On the smallest possible condition

Consider how 'if' statement logic can frequently obscure the behavior of the code.

Frequently a simple 'if' statement can contain two to three conditions. Sometimes more, rarely less.

This results in hard to read and maintain conditions. In some cases a condition can have two or more sets of logical conditions.

As an example, consider the following simple condition:

if (name != null && name.length < 20 && address.country == "CA") {
 ...
}

As programmers we may recognize that there are two intended conditions here. One deals with the validity of the name, while the other deals with the address being a domestic address (if you're in Canada). In trying to clean up this code we will frequently break this 'and' of two conditions into two 'if' statements like so:

if (name != null && name.length < 20) {
 if (address.country == "xyz") {
  ...
 }
}

this strikes me as no more clear than the first case. The dual 'if' statements correctly identify the two conditions, but their separation does not clarify the meaning of the code.

In my mind this clean up is heading in the wrong direction. I propose we take a step back to the original example.

If the conditions can be named in a descriptive way, then maybe we can clear this up a little. I propose that we create methods that will express the two conditions separately. I propose isNameValid() and isDomesticAddress().

This should result in the following condition:

boolean isNameValid() {
 return name != null && name.length < 20;
}

boolean isDomesticAddress() {
 return address.country == "xyz";
}

...
if (isNameValid() && isDomesticAddress()) {
 ...
}

This now speaks volumes more than either of the previous examples.

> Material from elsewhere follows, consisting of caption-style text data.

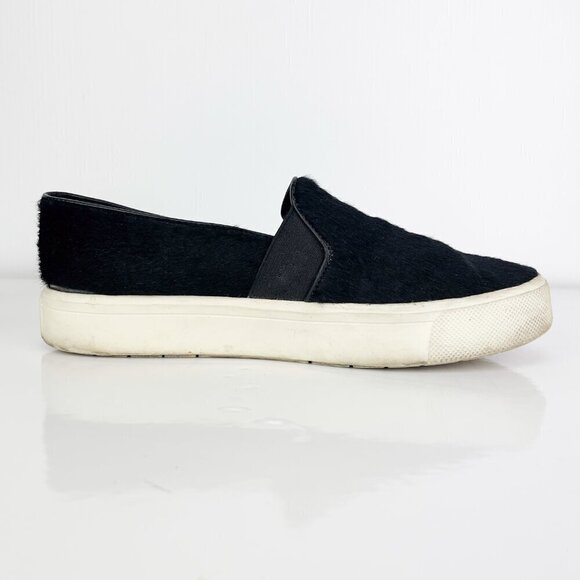 VINCE‎ Blair Calf Hair Slip-On Elastic Gore Black Flatform Sneakers Sz 5M EUR 35 - Picture 5 of 12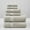 Taupe, variant on Modern Threads Bamboo Cotton Blend 6-Piece Bath Towel Set, White
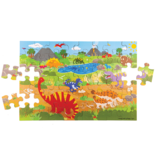 Houten vloerpuzzel Dinosauriërs 48-delig 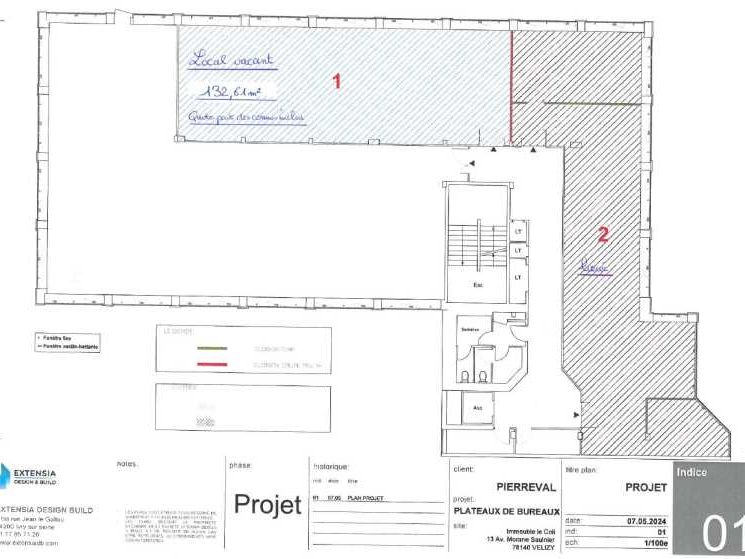 Location bureaux 681 m² divisibles à partir de 134 m²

Firstly in defines a clear logical combination of conditions.

Arguably we could have applied the same refactoring to the two-if structure, and it would have looked like this:

if (isNameValid()) {
 if (isDomesticAddress()) {
  ...
 }
}

I don't think this helps clarify things as much as the combined if statement.

In following with the idea of condition methods, the and-ed content of the condition in the third code snippet should be regrouped as:

boolean isValidForDomesticShipping() {
 return isNameValid() && isDomesticAddress();
}

and subsequently the conditional would look like this:

if (isValidForDomesticShipping()) {
 ...
}

Now the isValidForDomesticShipping can be easily tested on its own, and the if statement reads much better.

Negations

Now continuing along the road to conditional clarity, let us consider the impact of using negative conditions. In C-style languages such as C++, C# and Java, the negation of a boolean expression is done with the use of the exclamation point. Now the simplicity of this syntax is great, except that it really doesnt jump out when speed reading the code. Obviously Python doesnt suffer from this problem, the negation is a resounding three letter operator "not".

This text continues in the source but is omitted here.